Being a college football player is no easy task, but being a college football player while also tackling a pharmaceutical degree is a big challenge. Bulldog senior tight end and Illinois native Kyle Thompson knows exactly how that pharmacy and football life feels. Currently in his fifth year as a Bulldog with two years left to go in the pharmacy program, Thompson is officially done on the gridiron and fully focused on moving to Grand Rapids, where he will finish his last two years of pharmacy school.
Before Thompson began his journey with Ferris State, majoring in pharmacy hadn’t crossed his mind.
“I had never given anything in the medical field much thought, as I was set on doing something in the sports world, like sports management,” Thompson said. “I first knew I wanted to go into pharmacy after I committed here to play football during my senior year of high school.”
Thompson’s uncle, Michael Eesley, is the CEO of Centegra Health System in Illinois and a Ferris alum who received a Bachelor of Science in hospital administration in 1978. Eesley hooked Thompson up with a pharmacy job shadow at a hospital in Chicago, and ever since then, Thompson knew that going into pharmacy would be the right move for him.
Along with his uncle, Thompson’s mother, grandmother and some of his cousins work or have worked in the medical field.
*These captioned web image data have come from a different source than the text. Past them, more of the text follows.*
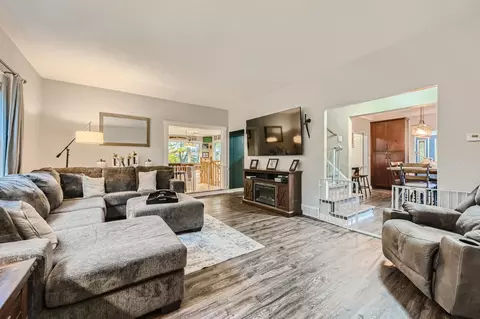 817 Kenwood Ln, Maplewood, MN 55117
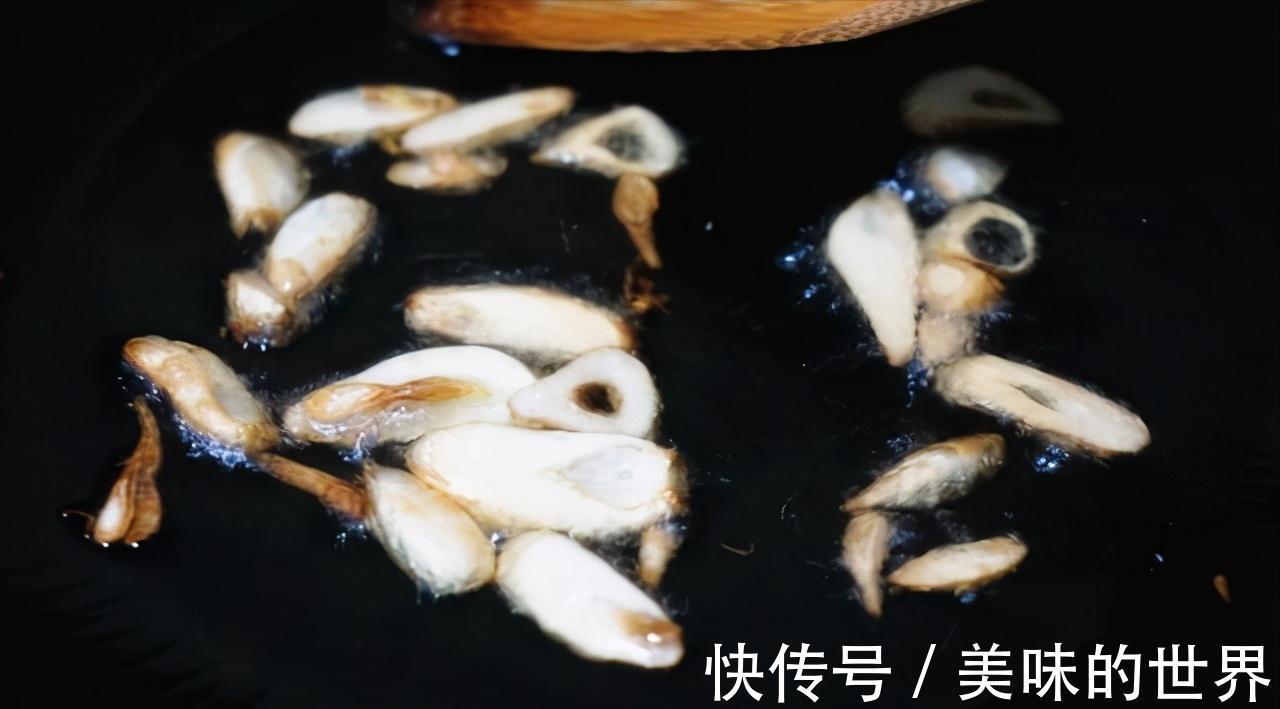 蒜瓣|懒人版的葱油拌面,葱香味十足,吃一口就停不下了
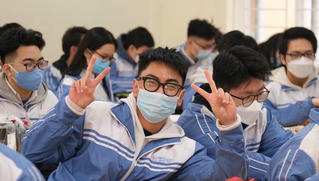 Toàn bộ học sinh THPT cả nước đến trường sau Tết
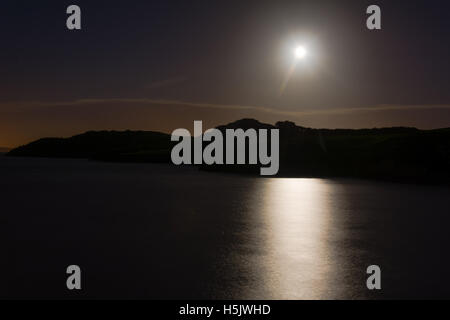 Der Mond des Jägers über Meer in Sand Point. Vollmond spiegelt sich im Wasser des Bristol Channel bei Flut, in Somerset, England, mit Wolken Stockfoto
Thompson is the first one in the family to do his medical schooling while being part of a college football organization.
“It was really rough, there was never any free time,” Thompson said. “I would have film at 7 a.m. for football, then go to classes, then to practice, then more classes, and then a workout. After all that, I’d have to go home and study for the rest of the night.”
Though it wasn’t easy, Thompson said that having to balance both pharmacy school and football made him more disciplined. He had no choice but to go straight from class or practice to home just to get that precious study time in.
“When I first got in to pharmacy school, Coach Annese told me that my career was my first priority and that I needed to take care of my schooling first,” Thompson said. “For example, last semester I didn’t go to practice on Wednesdays because it was during one of my pharm classes.”
With only three football practices a week, Thompson knew that it was a big deal for him to miss a practice, but he appreciated the support from the coaching staff.
“Whenever I’d miss Fridays because the football team was on the road, my professors were always understanding, whether I had to make up a test or if I needed to be filled in with anything that I missed,” Thompson said. “There are many more people that helped me along the way, and I would have never made it to where I am today without their support.”
Shifting his focus from blocking schemes and route-running to his career, Thompson hopes to be a pharmacist in a hospital because of the community environment with plenty of patient interaction.